What can best pull a man and his brother up a mountain and across 50 miles of terrain, racing the fall of night and the fatigue of flesh? Wine, of course, and the promise of a three-course gourmet meal - and so it was that my brother, Andrew, and I arrived last week at Concannon Vineyard for an eating and tasting event at the ancient Livermore location.

We robbed a roadside Fuyu persimmon tree north of Mount Diablo and a Mission fig tree just to the south (if you regularly ride this peak, you may know the trees, their branches dangling over the fences and, well, darn well asking to be ravaged) but still, hunger nearly killed us. Our muscles still functioned, but we were simply out of gas by the time we reached the quiet suburbs just a mile north of the winery gate. Here, as dusk fell, we looked desperately for a phone booth but found none (what would Superman do in the era of cell phones) and wound up changing clothes on a residential front lawn, and we arrived at the winery looking just dandy on the outside - but inside, unbeknownst to the diners milling in the lobby, we were 3000 calories in the hole. We drained pours of Concannon's staple Petite Sirah like it was water - not a black juice so thick it will turn your teeth blue with a glass.


Then we ate - and here I furnish a warning: Never count on a fine dining evening to sate you after 50 miles of pedaling. That's just what we did, forgetting that top notch chefs aren't there to provide calories but to provide experience and flavor. We gravitated to the appetizer table and slurped down the fantastic Alaskan halibut ceviche. It came by the spoonful, though we were in more of a mood for ladles full. What could we do? We refilled on the Petite - twice - and by dinnertime we were each down just 2500 calories. Salad was waiting for us as we sat in the barrel room and heard Joe Concannon and his father, Jim, deliver speeches commemorating 129 years of winemaking - a history that includes survival of Prohibition and of the encroachment of suburbia. We began with a delicate and beautiful romaine heart concoction, draped with grilled bell peppers and mushrooms. Paired to a half pour of Sauvignon Blanc, the course provided another 100 calories for our depleted bodies and limbs. We were starving.

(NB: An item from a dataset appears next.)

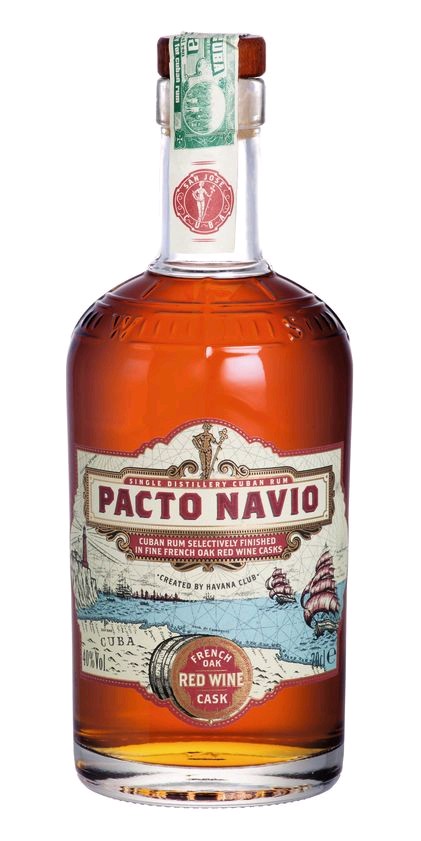 Pacto Navio French Oak red Wine Cask 40% 0,7 l (holá láhev)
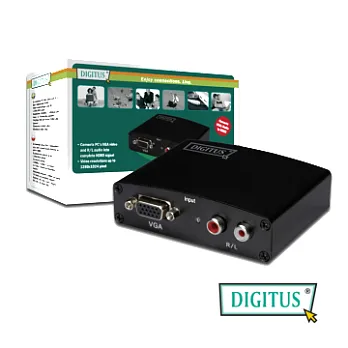 曜兆DIGITUS~DS-40130~ VGA 轉 HDMI轉換器 VGA/Audio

Next arrived the seared duck on a bed of red quinoa - and, oh, how we could have used four times the portions of that wonderful super-starch! For we were hungrier than 10 Incans fresh off the slopes of Aconcagua. The meal proceeded at the expected and appropriate pace - for fine diners. But for two boneheads who forgot to pack almonds and dates on a 50-mile mountain ride, the minutes between courses felt like days. At last, the New York steak and fried potatoes arrived, and we meanwhile drank, poured and drank again the big reds - the Grenache and the hallowed "mothervine" Cabernet Sauvignon, the latter made from a row of estate vines from which Cab clones number 7 and 8 were originally cut and propagated almost ubiquitously throughout California in the 1970s and 1980s.

But it was dessert that saved us, a rich chocolate tart the size of an Olympic discus, and with it came the calories we needed. Refreshed, we returned to the wines for a rerun through these classics of Concannon, and, yes: Our teeth turned blue.

2 comments:

Christine said...

As a fellow attendee at this event, I can vouch for the seriously hungry Bland Bros! What a wonderful addition they were to a fabulous evening and we at Concannon thank them for their extraordinary efforts.

LV said...

So glad to see more posts. Your writing is too fun to read, so I'm going to do to you what my blog readers do to me: Guilt Trip for not posting enough.